The poet Allen Ginsberg advises writers to “pay attention to what you pay attention to,” the idea being that the source of your creative impulse lies deep in your personal obsessions rather than in some more public space, where someone is always telling you what’s worth your attention.
Taking Ginsberg’s advice is fun -- what have I been paying attention to? -- but can also be a little embarrassing, if you’re honest. A case in point:
Lately, I’ll be honest, I’ve been paying attention to length-of-day. Does anyone else have this strange obsession? Every year in early February I seem to find myself googling the sunrise/sunset calendars. By this time of year, Wisconsin is really packing on the daylight. You get about 20 minutes of extra daylight per week. Every week! For free! It feels like getting away with something, which I like. I love thinking about how, next Tuesday, I’ll have an extra 20 minutes of daylight to spend as I wish.

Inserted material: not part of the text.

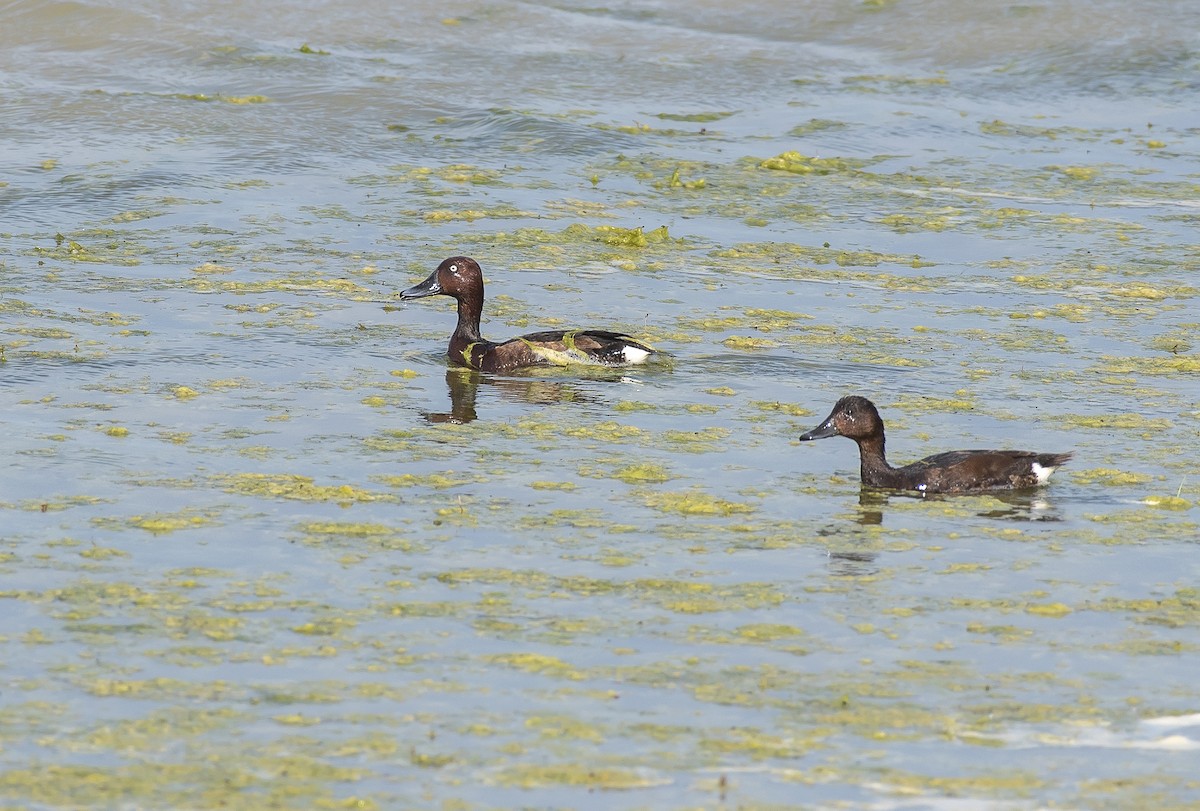 Ferruginous Duck - ML447612091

Is it miserly, or small minded, to hoard like pennies these extra minutes of light? Maybe, but birds do it too, I’ve noticed, and I like birds. Birds I pay attention to. But they have such small brains. Why is my somewhat bigger brain also focusing on this minutia? I’m not sure. Maybe I shouldn’t admit this in public. Maybe I should just keep all this under my hat. It is what I’ve been paying attention to, however, and now I’ve paid attention to that. And so have you.
I’m Chris Fink and that’s my perspective.